(Data extracted from a collection)
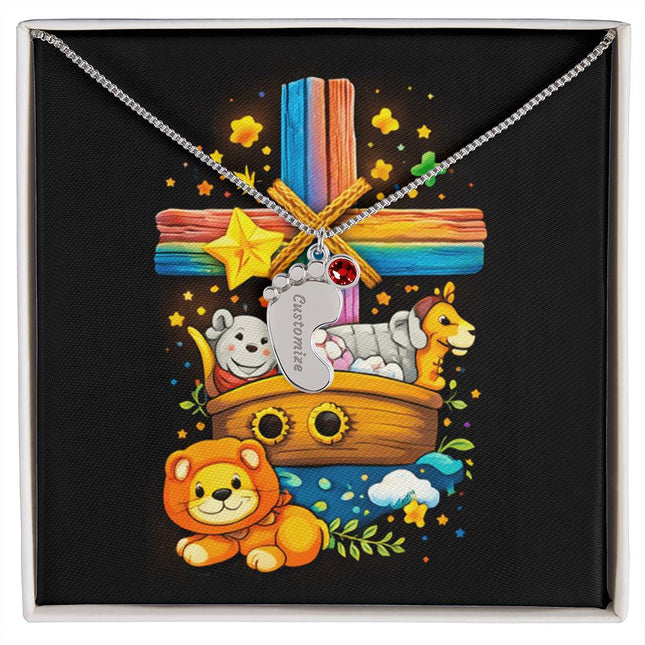 Rainbow Cross Noahs Ark | Christian Baby Feet Necklace with Birthstone | Gift for Kids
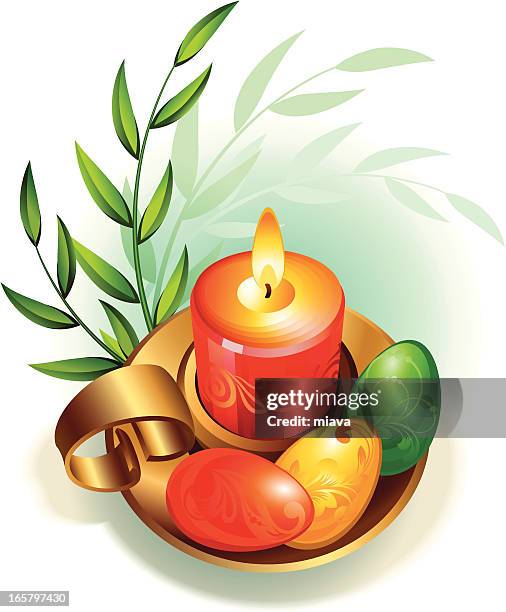 easter eggs and a candle. - gold easter egg vector stock illustrations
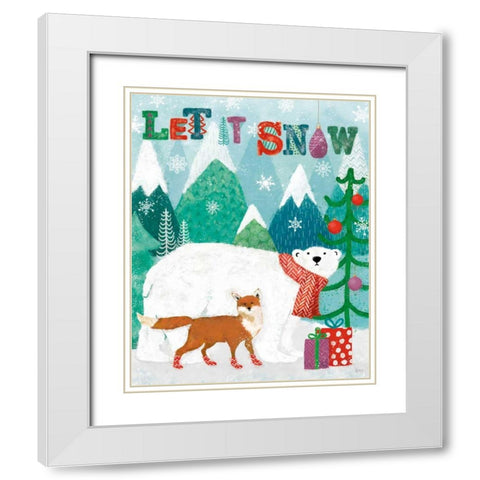 Festive Forest II White Modern Wood Framed Art Print with Double Matting by Charron, Veronique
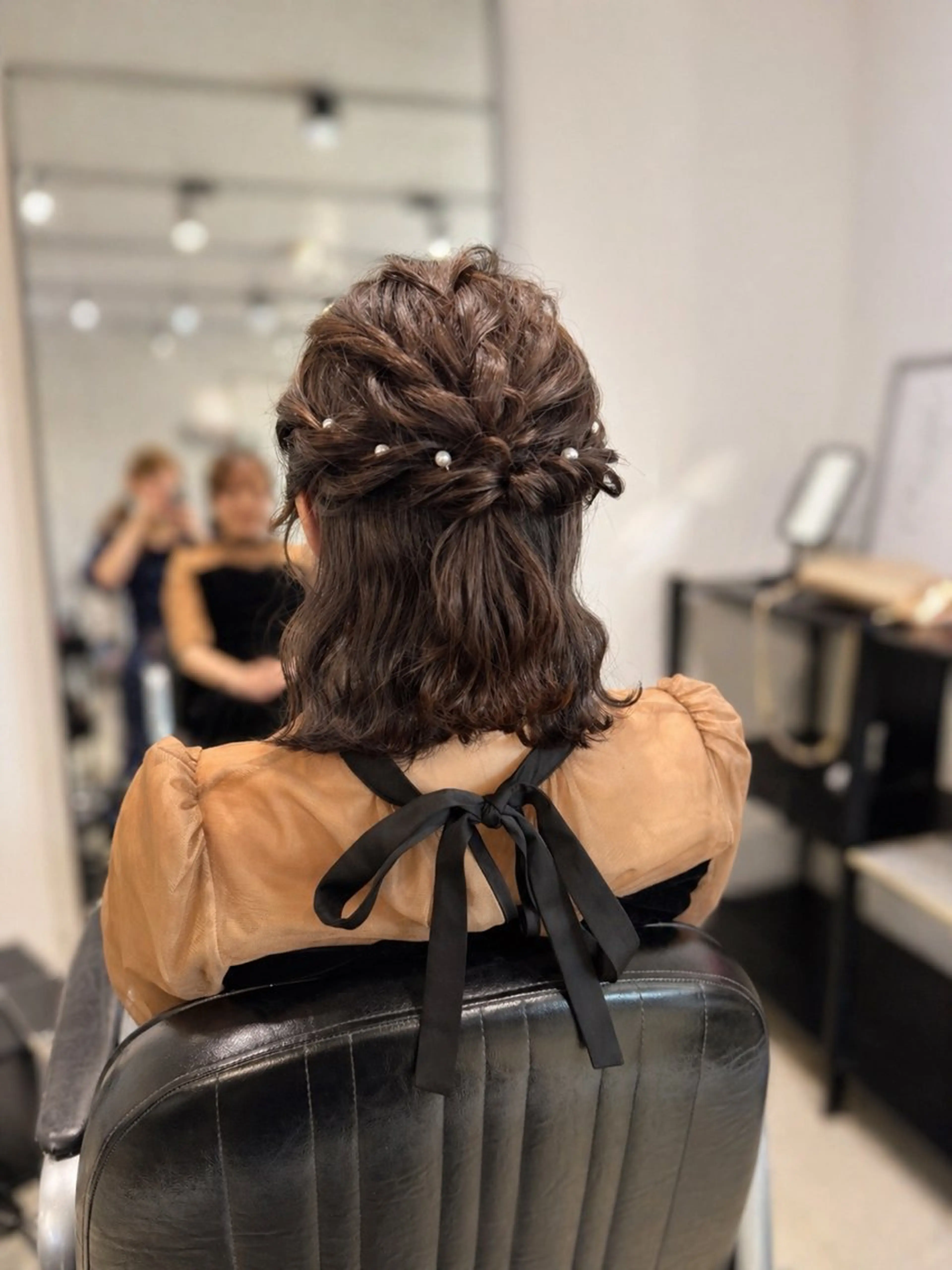 ミディアム カラー パーマ ヘアセット 透明感/オリーブ/ グレージュ/YUKAのヘアスタイル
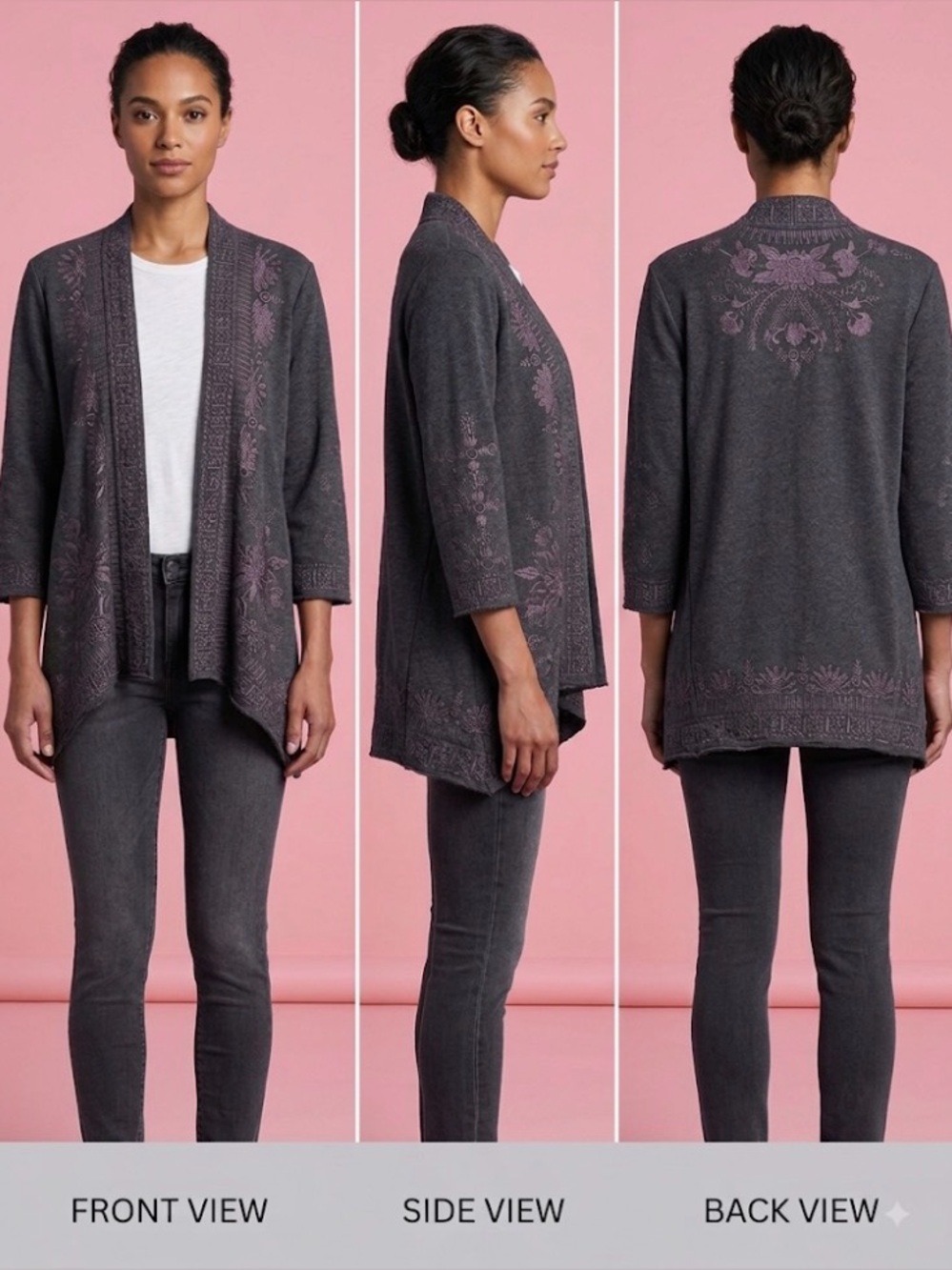 Johnny Was Embroidered Open-Front Charcoal Women’s Sweater Cardigan size Med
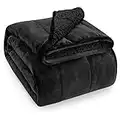 Wemore Sherpa Fleece Weighted Blanket for Adult 15 lbs Dual Sided Cozy Fluffy Heavy Blanket,Ultra Fuzzy Throw Blanket with Soft Plush Flannel Top,60 x 80 inches Black on Both Sides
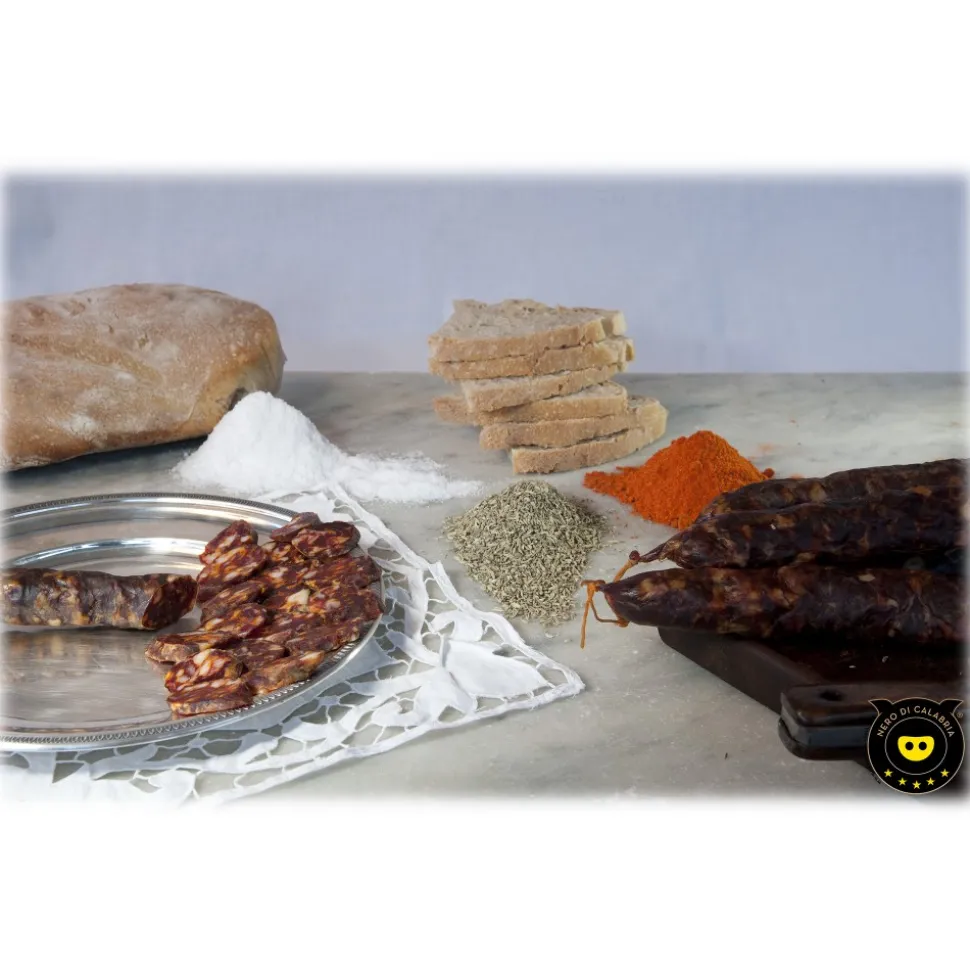Nero di Calabria - Sweet Red Sausage with Fennel - Artisan Cured Meat - Calabria Tradition - 340 g - Avvenice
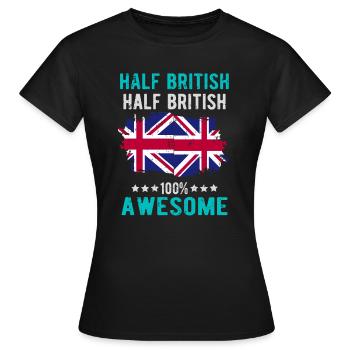 Moitié britannique moitié britannique - T-shirt Femme - noir - Devant - AI Model Female 172 dark (172cm)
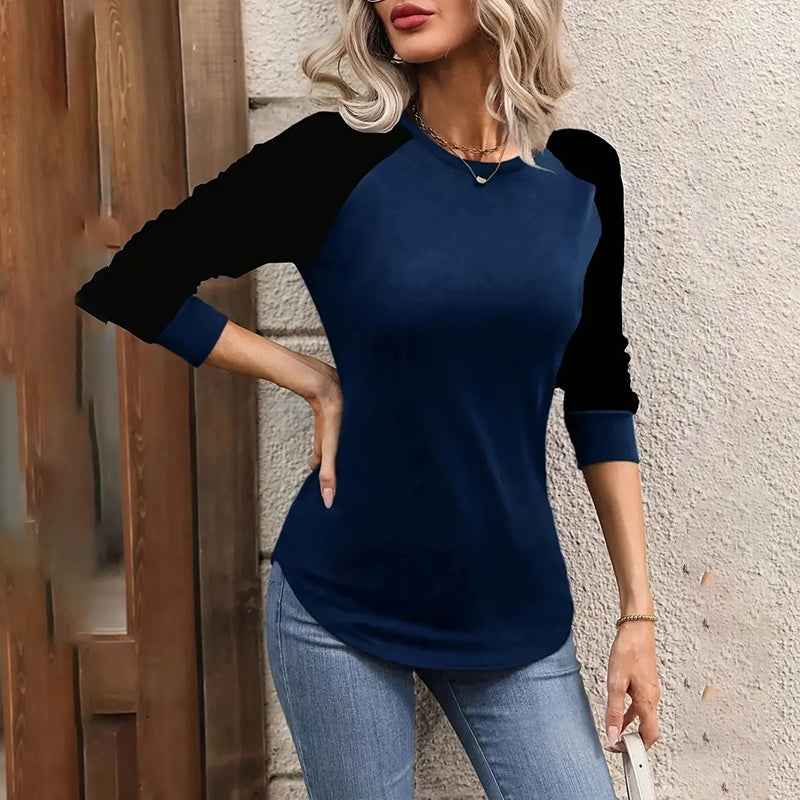 2 Pack Women's Long Sleeve Shirts, Casual Loose Fit Tunic Tops Crew Neck Trendy Tee Solid Color Pullover Shirts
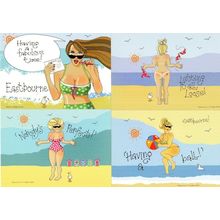 Eastbourne Bikini 4x Comic Postcard s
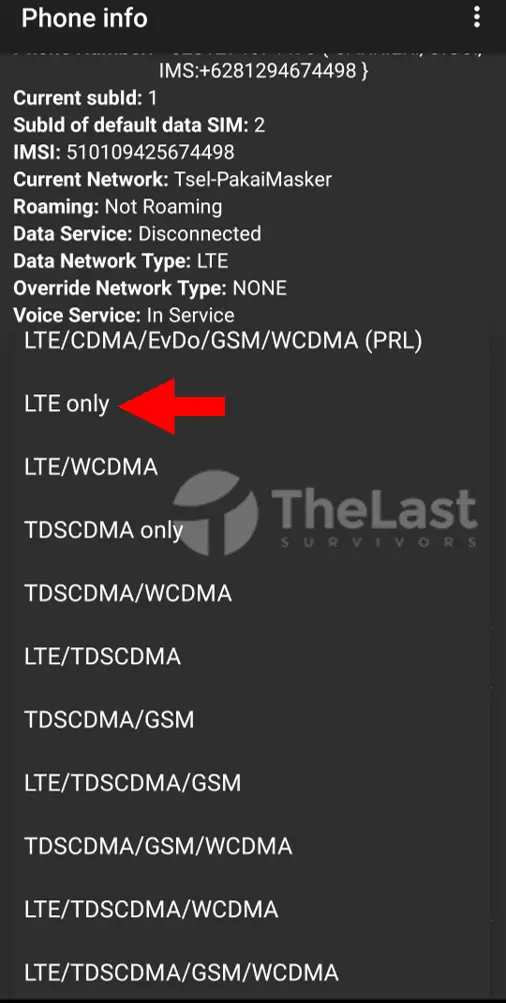 Pilih Opsi Lte Only Di 4g Lte Only Network Pro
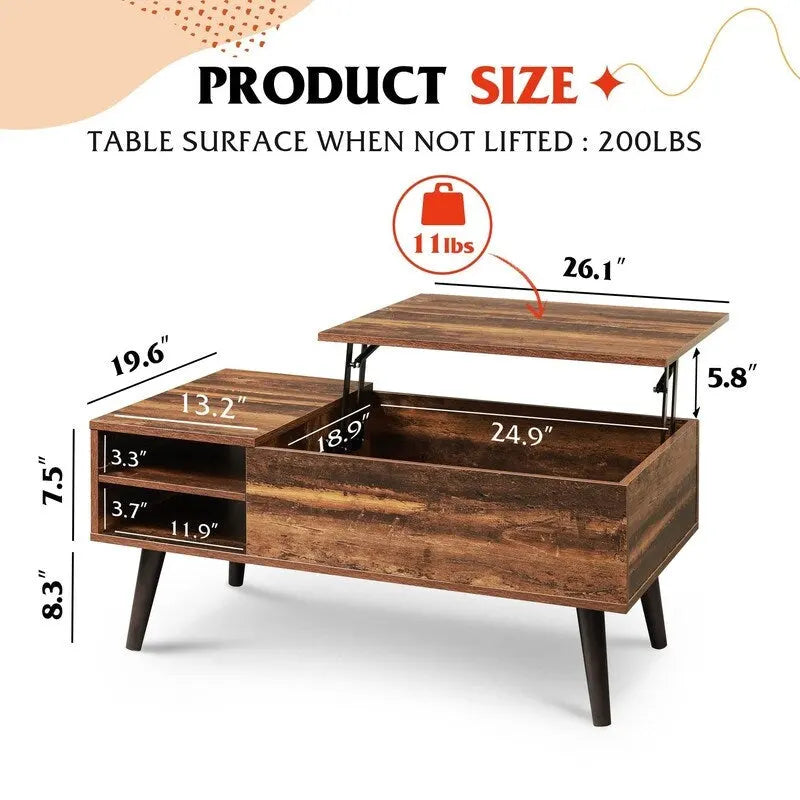 Table basse relevable avec rangement pour salon - 39,37P x 19,69L x 16,93H
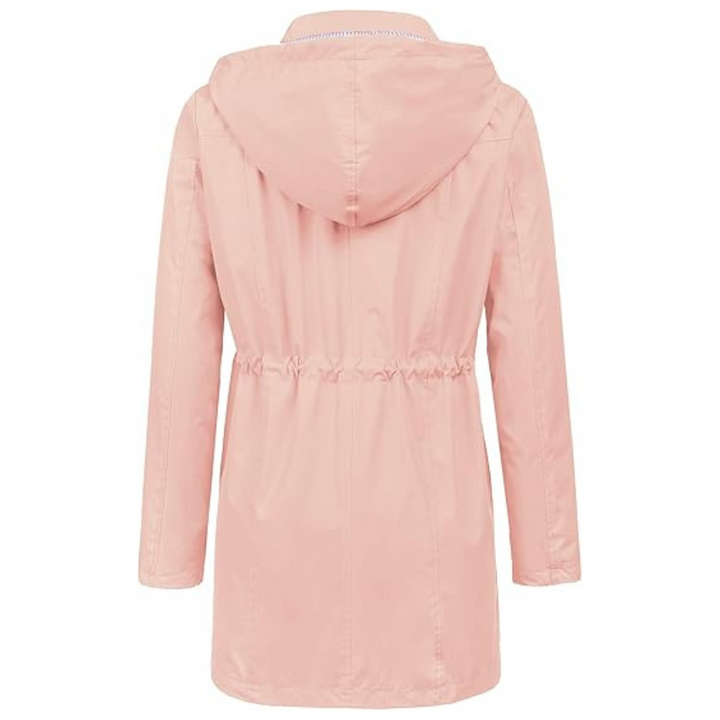 Wasserdichter langer Kapuzen-Trenchcoat gefüttert Windbreaker Reisejacke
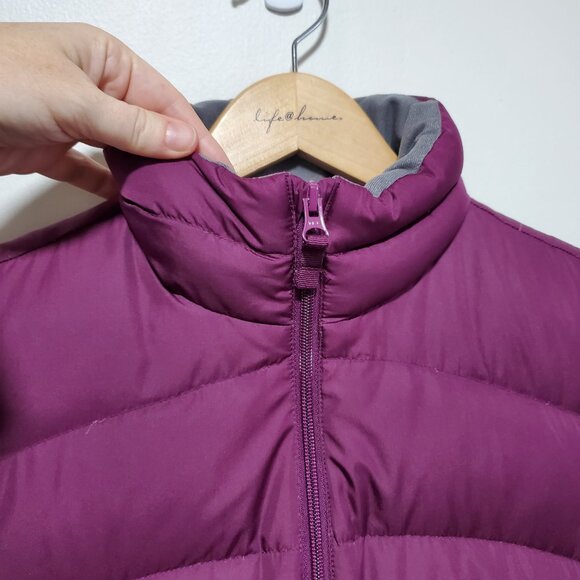 LANDS' END Down Filled Puffer Vest Full Zip Winter Eggplant Purple Women's Small - Picture 3 of 13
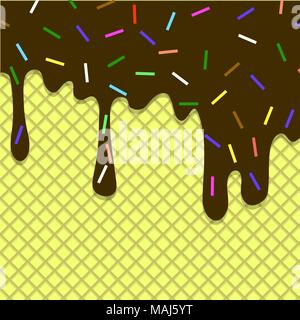 Sweet Donut Brown Texture. Glaze and Sprinkles Pattern Stock Vector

• EXERCISE GOAL: When the line containing "Moitié britannique moitié" has been located, retype it and each line after it through the end of the records, excluding the pictures and adding nothing else.

• ANSWER SPACE:
 Moitié britannique moitié britannique - T-shirt Femme - noir - Devant - AI Model Female 172 dark (172cm)
 2 Pack Women's Long Sleeve Shirts, Casual Loose Fit Tunic Tops Crew Neck Trendy Tee Solid Color Pullover Shirts
 Eastbourne Bikini 4x Comic Postcard s
 Pilih Opsi Lte Only Di 4g Lte Only Network Pro
 Table basse relevable avec rangement pour salon - 39,37P x 19,69L x 16,93H
 Wasserdichter langer Kapuzen-Trenchcoat gefüttert Windbreaker Reisejacke
 LANDS' END Down Filled Puffer Vest Full Zip Winter Eggplant Purple Women's Small - Picture 3 of 13
 Sweet Donut Brown Texture. Glaze and Sprinkles Pattern Stock Vector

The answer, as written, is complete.